**ACTIVITY:**
Here is the task for the listing below: output exactly the lines from the one containing "Thăng Cấp Trong" through the one containing "Set of chairs Frankfurt 48x82x57 cm", and leave out the pictures.

**PROVIDED INFORMATION:**

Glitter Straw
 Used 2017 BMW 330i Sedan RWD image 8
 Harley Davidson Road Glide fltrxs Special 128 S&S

--

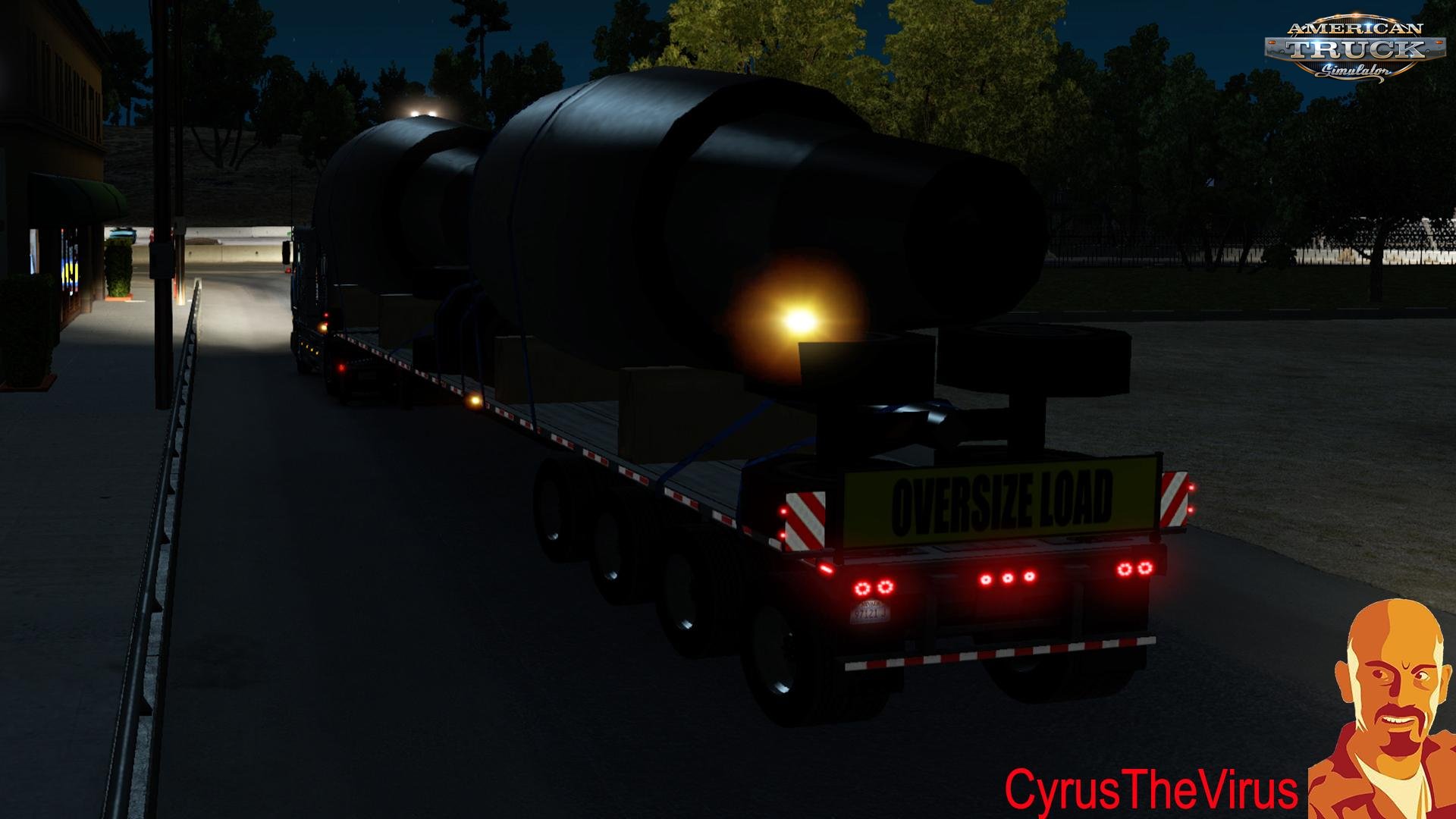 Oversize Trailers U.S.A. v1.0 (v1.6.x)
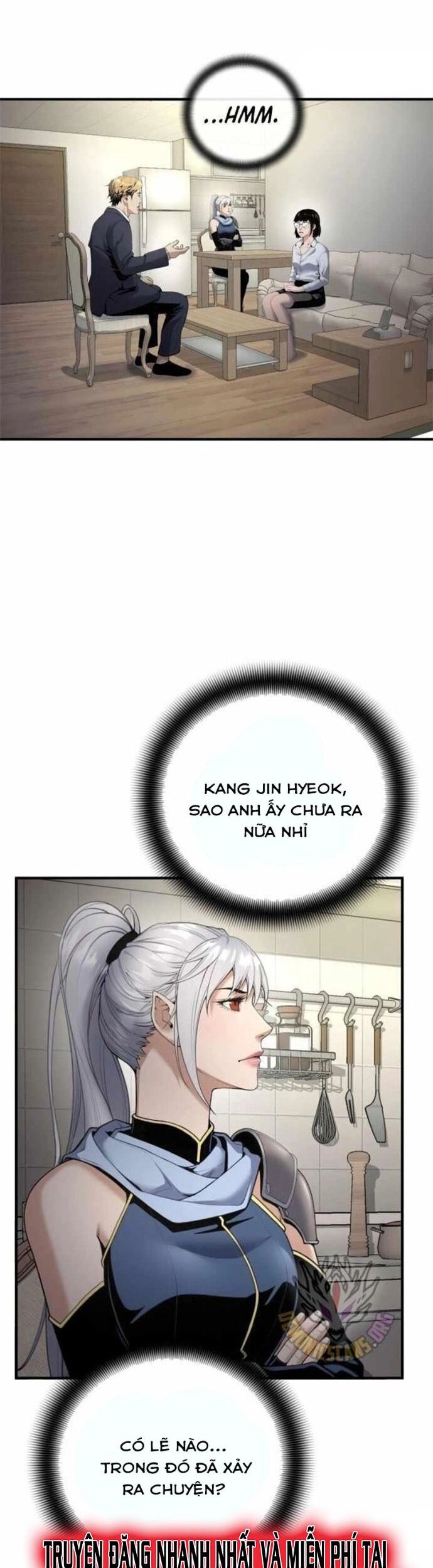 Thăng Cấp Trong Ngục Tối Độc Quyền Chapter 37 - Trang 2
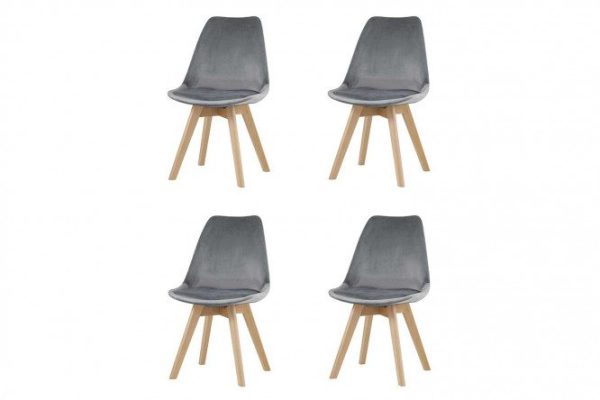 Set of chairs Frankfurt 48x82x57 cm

**RESPONSE TO THE EXERCISE:**
 Thăng Cấp Trong Ngục Tối Độc Quyền Chapter 37 - Trang 2
 Set of chairs Frankfurt 48x82x57 cm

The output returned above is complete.